In addition, the type would need to be templated since the function parameters and consequentially the types of the expected output is also templated. This would require defining at least 8 new templated data types, in most cases supporting 10 different integer types, for a potential of 80 new data structures in practice. This isn't a big deal, compilers can certainly handle that quite easily, and the effort for implementing those is proportional to the effort of implementing the new features, but can we do better?

I lament the fact that C++ doesn't have a better syntax and support features for multiple return values. std::tuple has become the closest thing to it, which for this case has some nice properties. There's no name confusion because there are no names, it doesn't require defining new types, presenting the signature of the function is almost completely sufficient, needing only a side note specifying which value means what (and only for a couple of cases).
Using std::tuple also provides some quite satisfying syntax in order to split the return values such as:

auto [value, remainder] = div_wide(...);
std::tie(value, remainder) = div_wide(...);

Performing std::get<0>(func(...)) would provide the same result as the trivial operators (+, -, *, /) would in most platforms, performing std::get<1>(func(...)); would recover information lost by the trivial operators (+, -, *, /) (i.e. overflow bit, carry/borrow bits, high bits in mul_wide, and the remainder on division).
While not perfect, it is quite suitable for the intended purpose, without visible undesirable features except in one specific case "mul_wide".

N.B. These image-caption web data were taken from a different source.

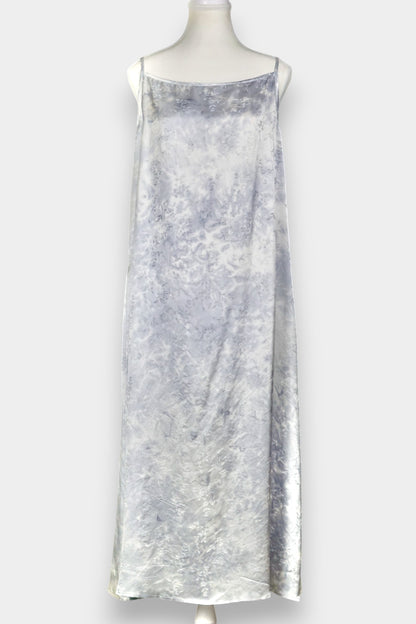 Mulberry Silk Slip Dress | Grey Tie-Dye Pattern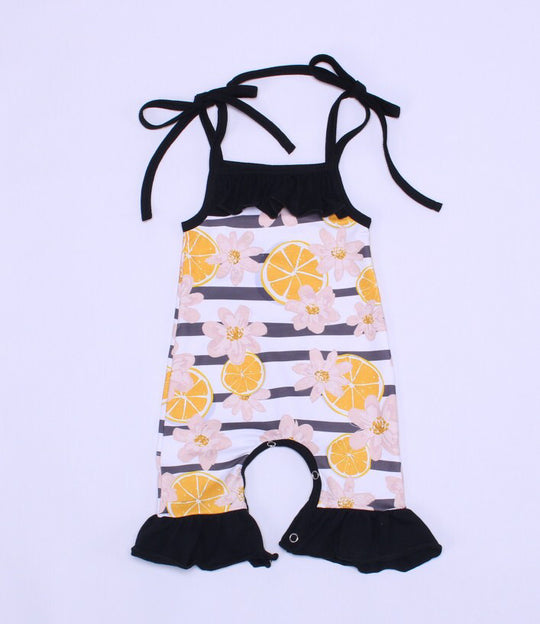 Newborn lemon floral stripe romper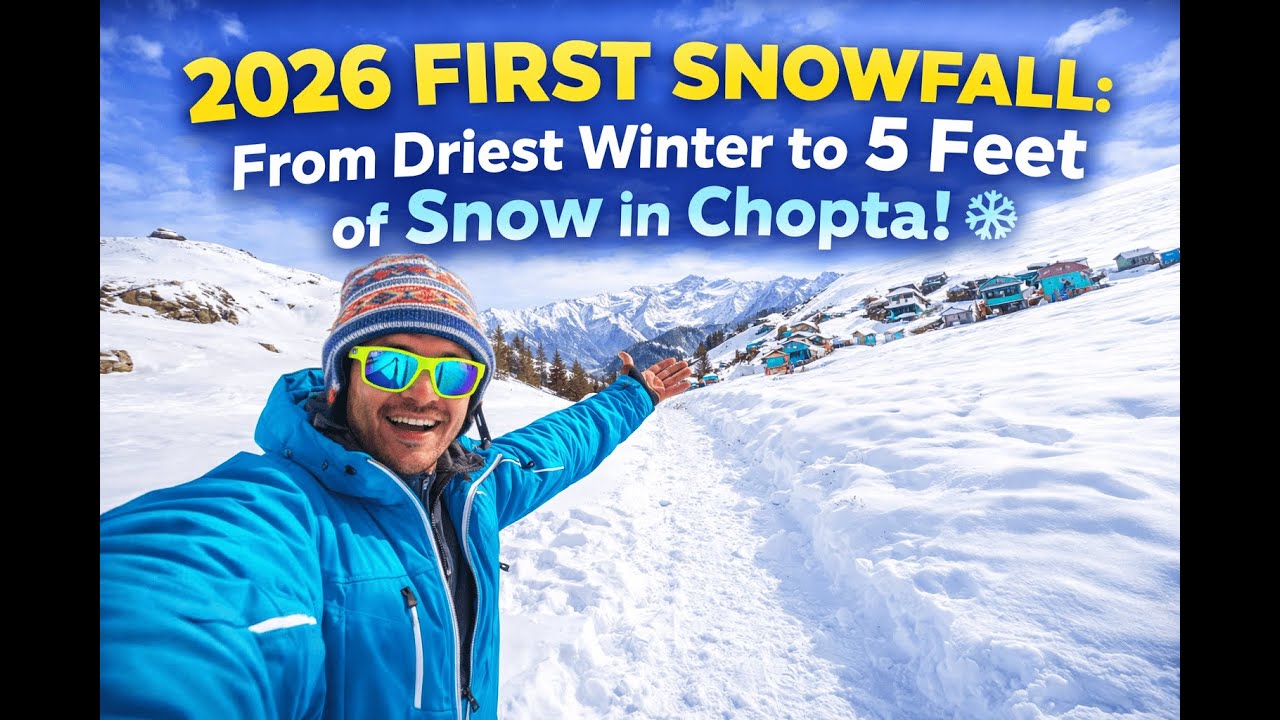 2026 First Snowfall: From Driest Winter to 5 Feet of Snow in Chopta! ❄️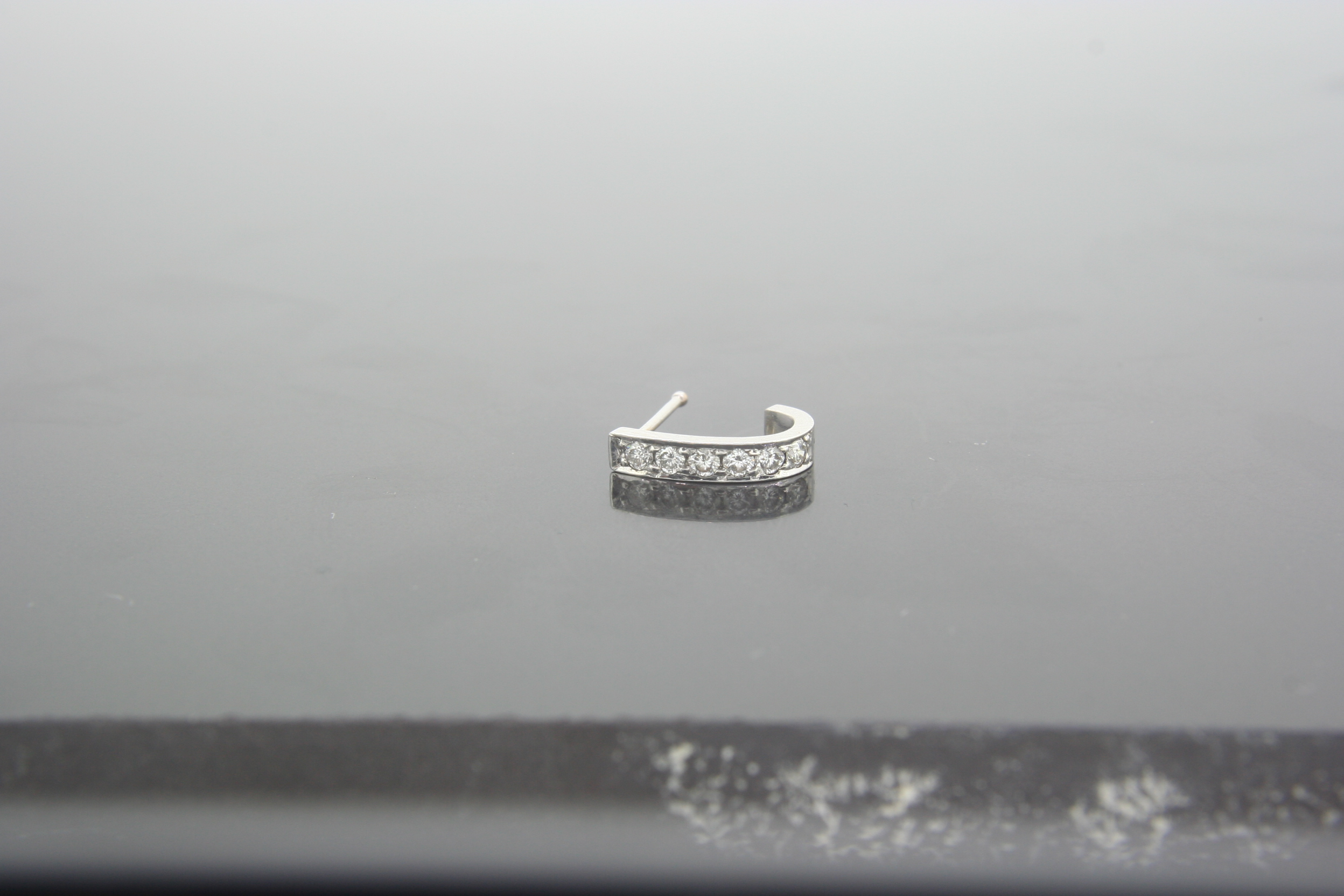White Gold Diamond Nose Ring Huggie Design - Image 7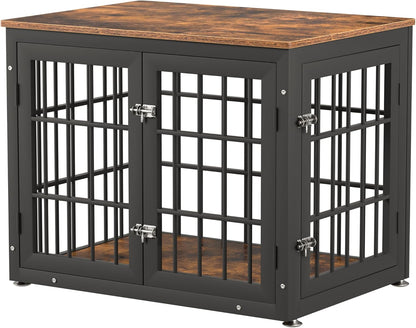 32 Inch Heavy Duty Dog Crate Furniture for Medium and Small Dogs, Decorative Pet House End Table, Wooden Cage Kennel Furniture Indoor, Rustic Brown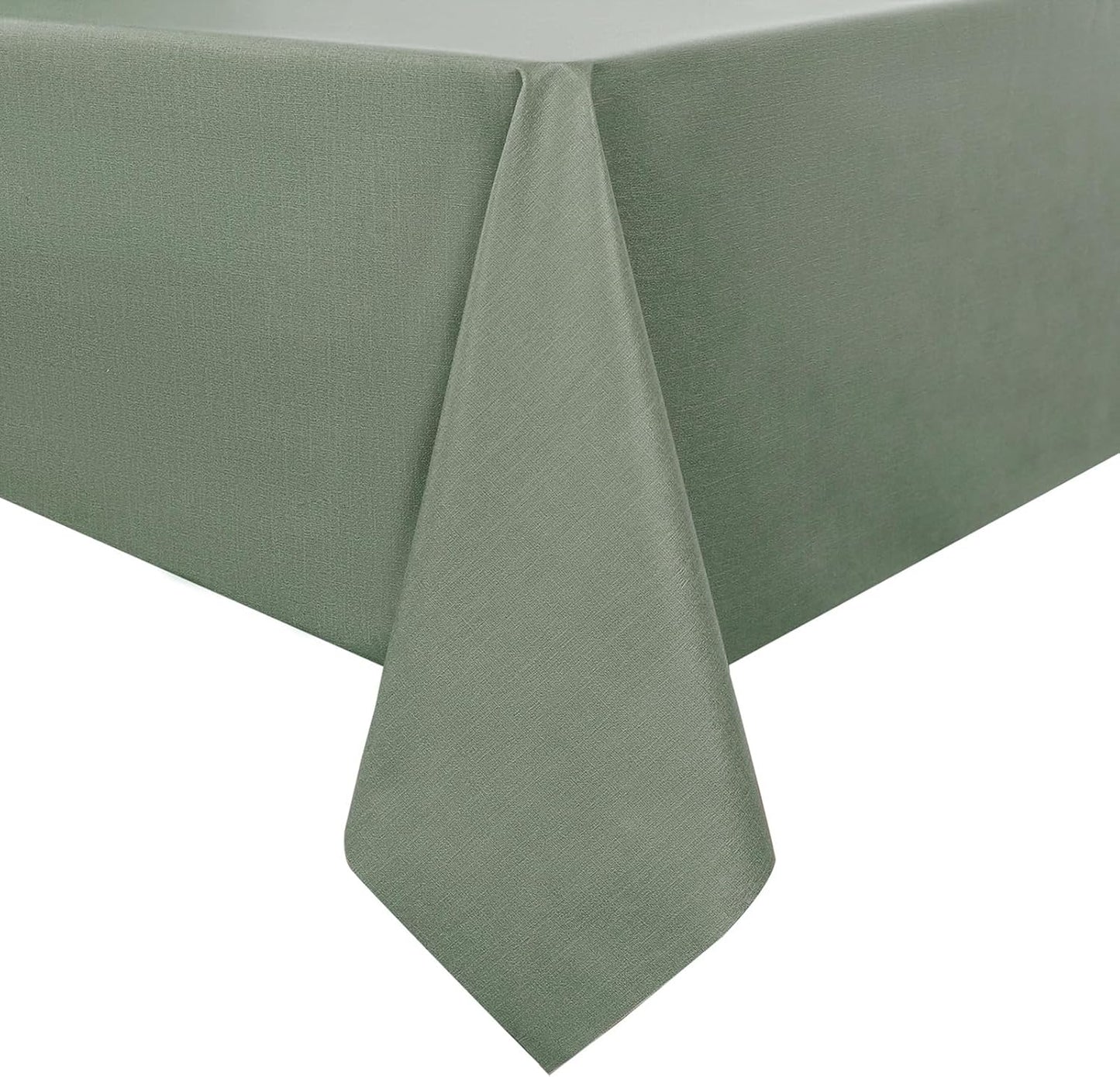 Romanstile 100% Waterproof PVC Tablecloth Rectangle, Oil Spill Proof Stain Resistant Vinyl Table Cloth, Wipe Clean Plastic Table Covers for Kitchen/Dining/Parties - 54 x 78 Inch, Sage Green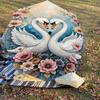 1pc Swans Flowers Automatic Open/Close Umbrella Compact Folding Umbrella with 8-Rib Shaft for Women/Men, Elegant Birthday1134S
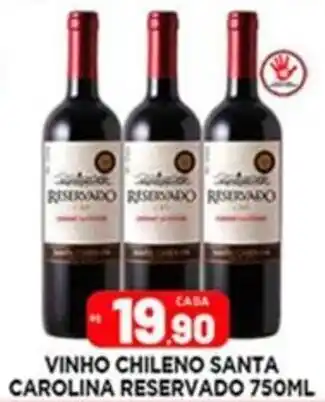 Supermercado Porecatu VINHO CHILENO SANTA CAROLINA RESERVADO 750ML oferta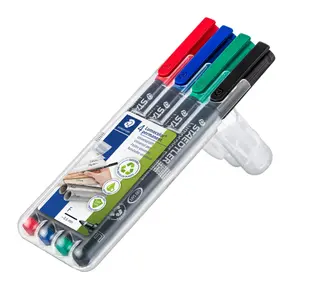 Produktfoto för STAEDTLER Lumocolor Universalpenna Lumocolor® 318 permanent, tunn spets, röd, blå, grön, svart, 4-pack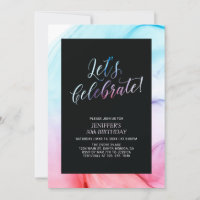 Red & Blue Fluid Texture 30th Women Birthday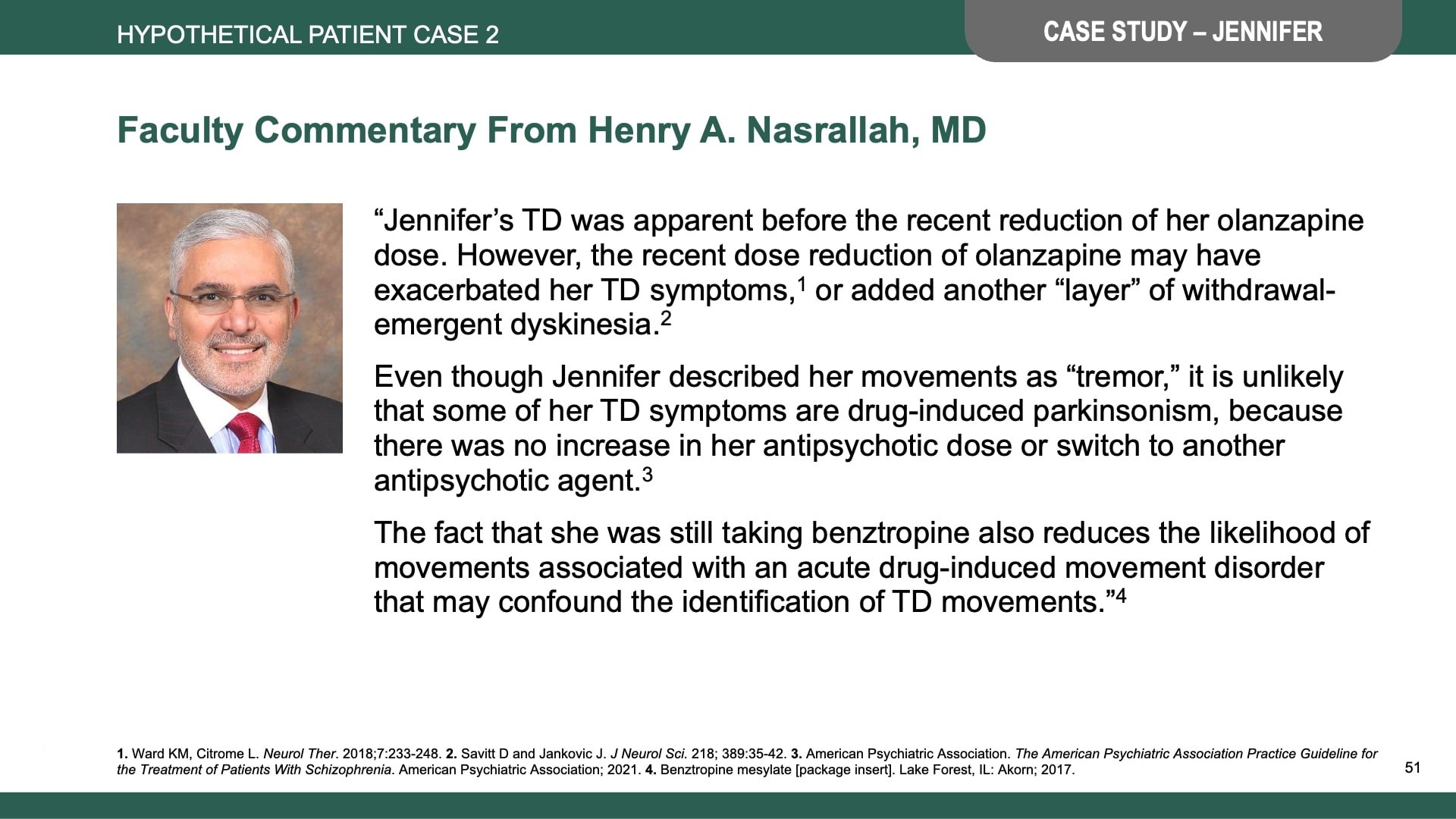Tardive Dyskinesia Differential Diagnosis Slide Library for Clinicians in Training, Slide 51
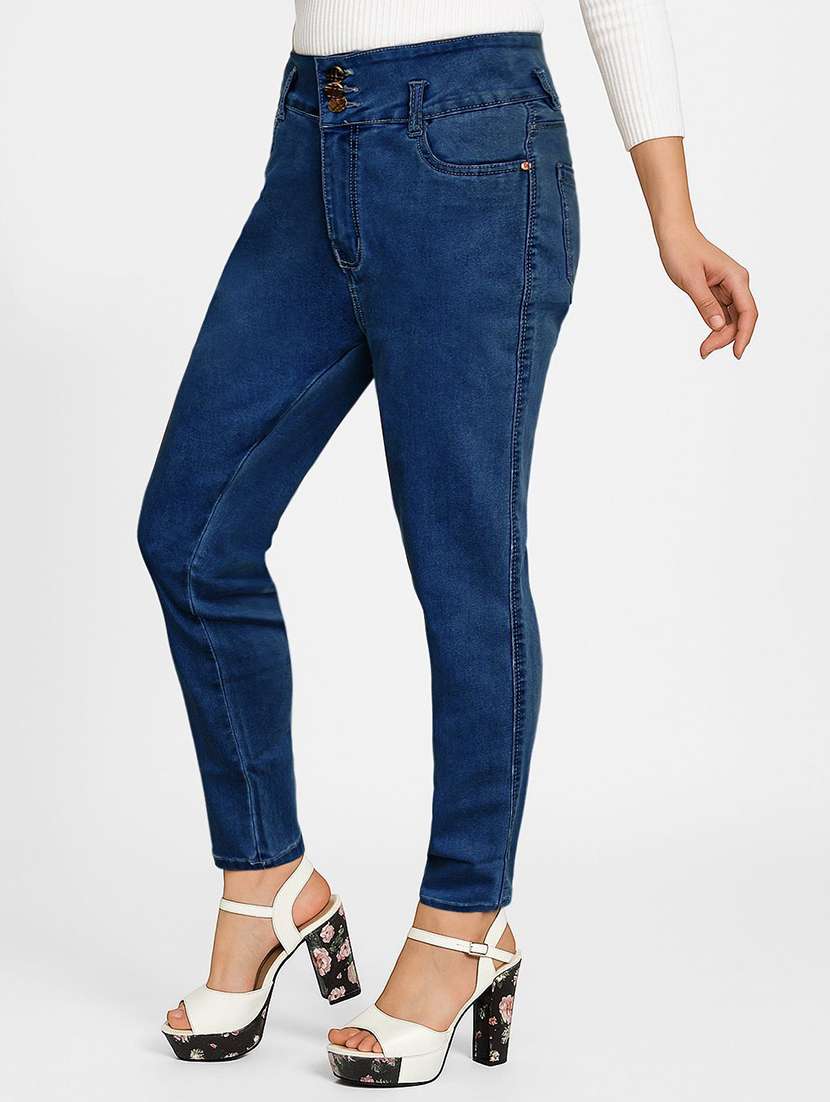women solid high rise slim fit jeans - 22658430 -  Standard Image - 2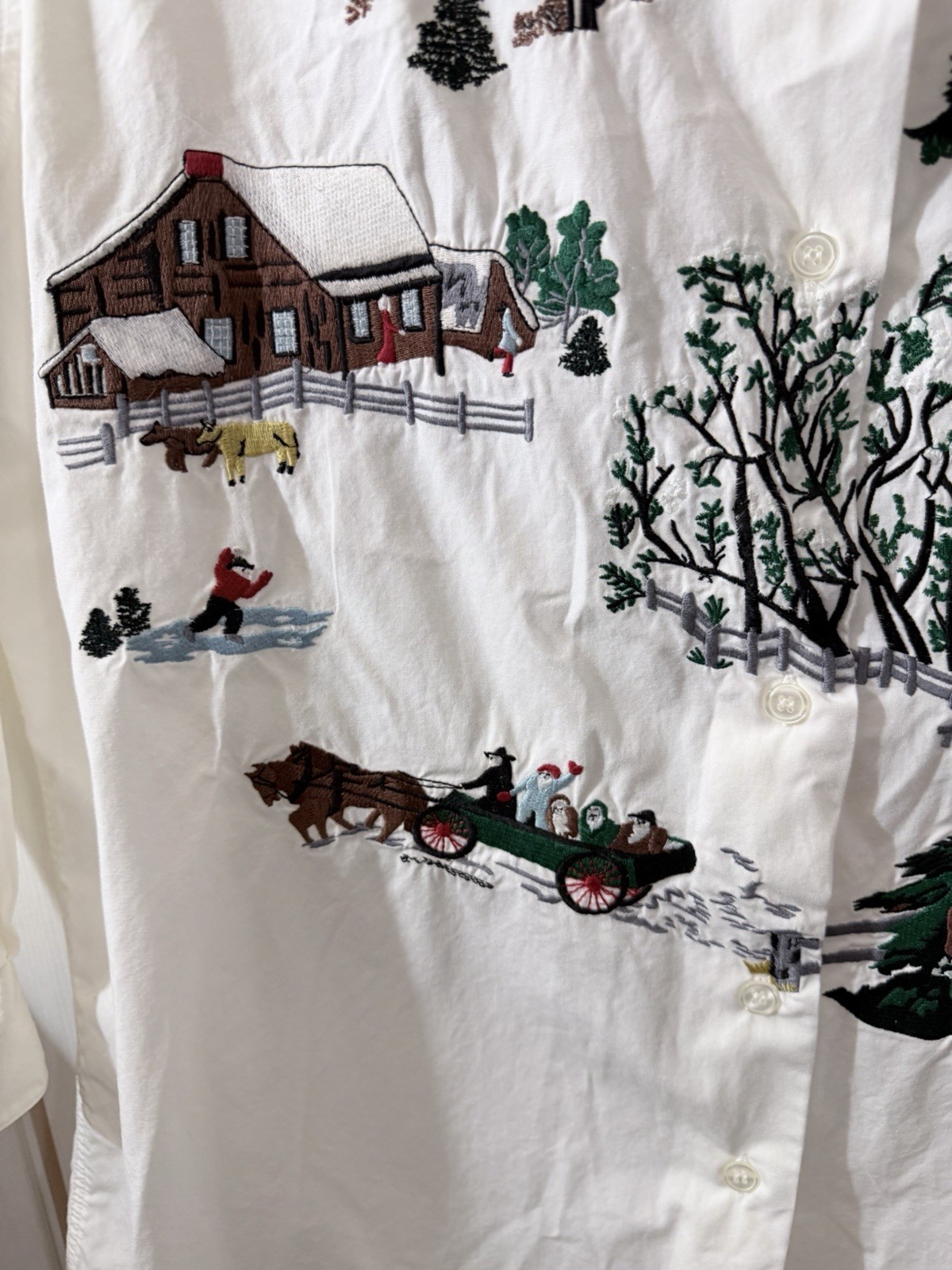 Vtg Cambridge Dry Goods White Shirt Womens Size 6 Embroidered Christmas Theme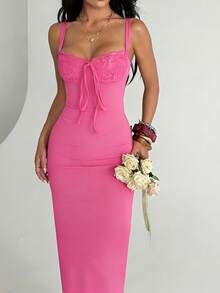 Onicee 夏季连衣裙，红色蕾丝拼接开衩吊带优雅连衣裙，适合情人节、约会、聚会、派对、旅行、度假、海滩等场合。 - 玫紅色 - 查看 3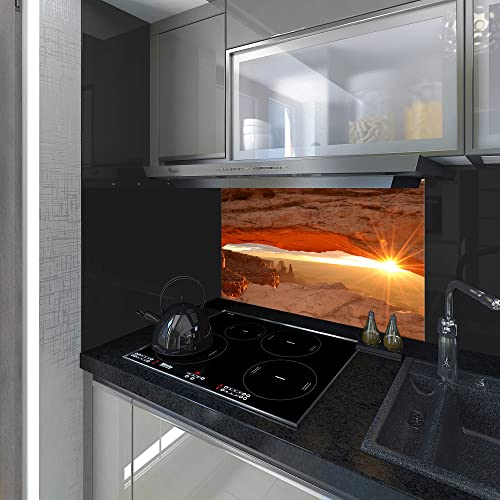 Spritzschutz Platte Küche Hartglas Sonnenuntergang jede Größe Va Art Glas (Breite 90 x Höhe 75 /cm)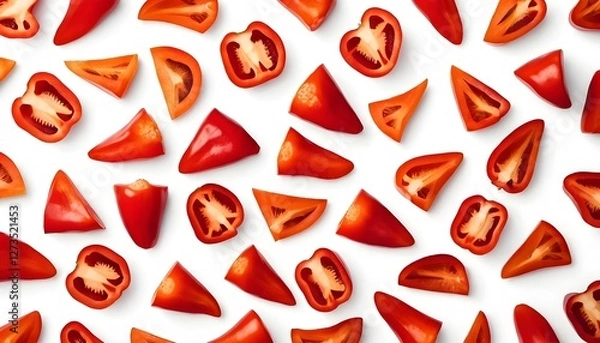 Obraz Sliced Red Bell Peppers Pattern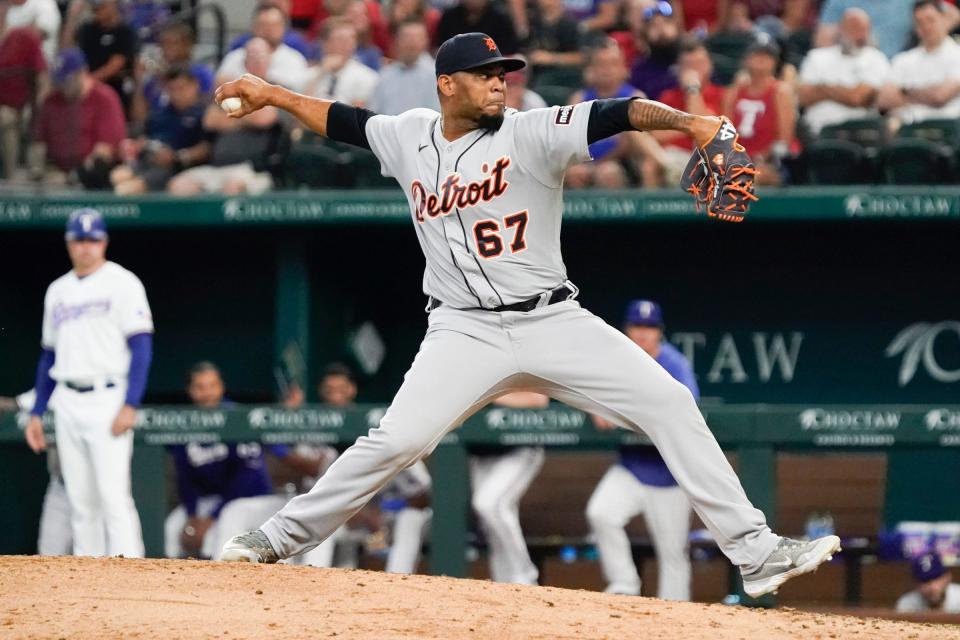 Detroit Tigers relief pitcher Jose Cisnero (67) throws to the plate during the seventh inning against the Texas Rangers at Globe Life Field in Arlington, Texas on June 29, 2023.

"mul_wide" has to output high and low bits of the resulting multiplication, in platforms that don't have direct hardware support for a specific type but has a wider integer type an implementer may want to implement "mul_wide" by internally casting the inputs to the wider integer, doing a trivial multiplication and then splitting the high and low bits. By defining that the low bits are to be return on the first element of the tuple, on little-endian machines it just so happens that the memory layout matches the fact that low bytes of an integer come first allowing a compiler to optimize away any bit manipulation in all cases. But we need to acknowledge that big-endian machines also exist, and it just so happens that the expected byte order is reversed, a compiler can still optimize away bit manipulation depending on what happens on assignment, but it might not be possible do so in all circumstances if the value needs to be passed to an unknow context (like taking an address). Using a new specialized data structure "mul_wide_result" that only defines that "result_high" and "result_low" must be members of it without specifying the order in which they should appear, an implementer would be free to swap the values around to pick the best memory layout for their specific platform.
In my opinion, considering that big-endian devices are now a days relatively rare, and considering the rare situations where a compiler couldn't just optimize the whole thing anyway, that most use cases are for a widest type available on the platform were this trick couldn’t be used anyway, and it just "mul_wide" that has this problem, this shouldn't justify using new data type over a std::tuple.

With all things considered, I personally prefer the std::tuple approach.

Supported types and behaviour

For the most cases the functions don't have weirdness in their behaviour, but there are a few worth mentioning and worth documenting.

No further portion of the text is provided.